Denildi ki: Ayetten murat, her din ehline verilen özel bayramdır.
فَلَا يُنَازِعُنَّكَ فِي الْأَمْرِ “O hâlde, din işinde asla seninle çekişmesinler.”
Öyleyse, diğer din mensupları din hususunda veya ibadetler hakkında Seninle tartışmasınlar. Çünkü çoğu cahil ve inatçı kimselerdir.
Veya mana şu olabilir: Çünkü Senin dinin, tartışma kabul etmeyecek şekilde gözler önündedir.Denildi ki: Ayetten murat, Hz. Peygamberi onların sözüne iltifat etmekten, kendilerine tartışmayı netice verecek şekilde münazara imkânı vermekten bir nehiydir. Çünkü münazara ancak hakkı araştıran kimselere fayda verir. Bunlar ise, inatçı, mücadele ehli kimselerdir.

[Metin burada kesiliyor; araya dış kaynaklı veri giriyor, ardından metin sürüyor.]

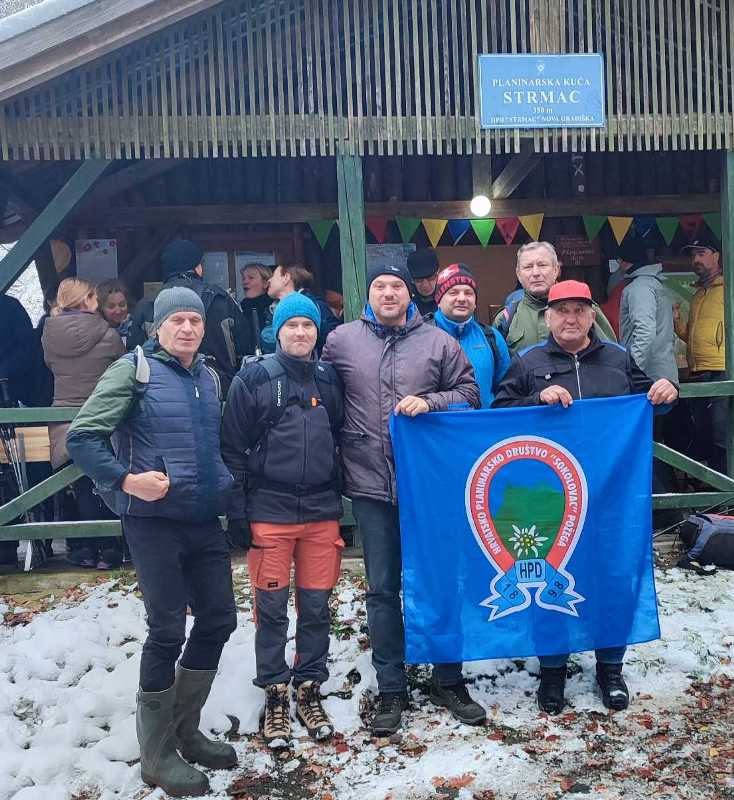 0 02 05 61c5204c96b189fb1db9fae3d3869f9e078c7c25ba9f3677db89bb1990d54624 43f909bb3e0f1e3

Veya ayet, Hz. Peygamberi onlarla tartışmaktan nehyeder.
Sebeb-i Nüzûl
Denildi ki: Ayet, Huzaa kâfirleri hakkında indi. Müslümanlara şöyle demişlerdi: “Size ne oluyor ki, kendi öldürdüğünüzü yiyor, ama Allahın öldürdüğünü yemiyorsunuz?”

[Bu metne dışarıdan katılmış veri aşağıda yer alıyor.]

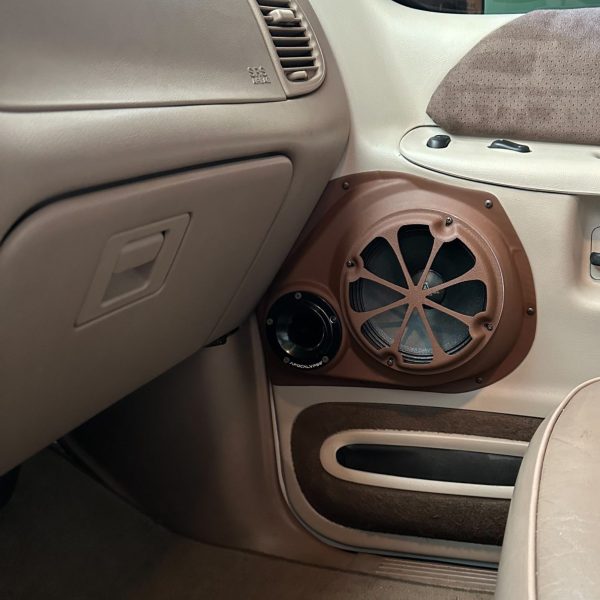 Front Door Custom Speaker Pods for the 1997-2001 Ford Explorer to hold 6.5 in and 3.5 in  speakers for car audio installation upgrade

وَادْعُ إِلَى رَبِّكَ “Ve Rabbine davet et.”
Rabbinin birliğine ve yalnızca ona ibadet etmeye davet et.
إِنَّكَ لَعَلَى هُدًى مُّسْتَقِيمٍ “Çünkü sen hiç şüphesiz hakka götüren dosdoğru bir yol üzeresin.”
68- وَإِن جَادَلُوكَ فَقُلِ “Eğer seninle tartışırlarsa, de ki:”
Hak zâhir olmuş, delillerle bilinmiş iken yine de seninle mücadele ederlerse, onlara de ki:
اللَّهُ أَعْلَمُ بِمَا تَعْمَلُونَ “Allah yaptıklarınızı en iyi bilendir.”
Allah, yapmış olduğunuz bu bâtıl mücadeleyi ve diğer işlerinizi en iyi bilendir, bunlara göre size karşılık verecek, cezalandıracaktır.
Ayet, şefkat ile onlara bir uyarıdır.
69- اللَّهُ يَحْكُمُ بَيْنَكُمْ يَوْمَ الْقِيَامَةِ فِيمَا كُنتُمْ فِيهِ تَخْتَلِفُونَ “Allah, hakkında ayrılığa düştüğünüz şeyler hakkında kıyamet günü aranızda hüküm verecektir.”
Allah, içinizdeki mü’min ve kâfirler arasında sevap ve ceza ile hükmedecektir.
O, dünyada deliller ve ayetlerle aranızda hüküm verdiği gibi, diğer alemde de din hususunda ihtilafa düştüğünüz şeylerde hüküm verecektir.
70- أَلَمْ تَعْلَمْ أَنَّ اللَّهَ يَعْلَمُ مَا فِي السَّمَاء وَالْأَرْضِ “Bilmedin mi Allah, gökte ve yerde ne varsa hepsini bilir.”Hiçbir şey O’na gizli değildir.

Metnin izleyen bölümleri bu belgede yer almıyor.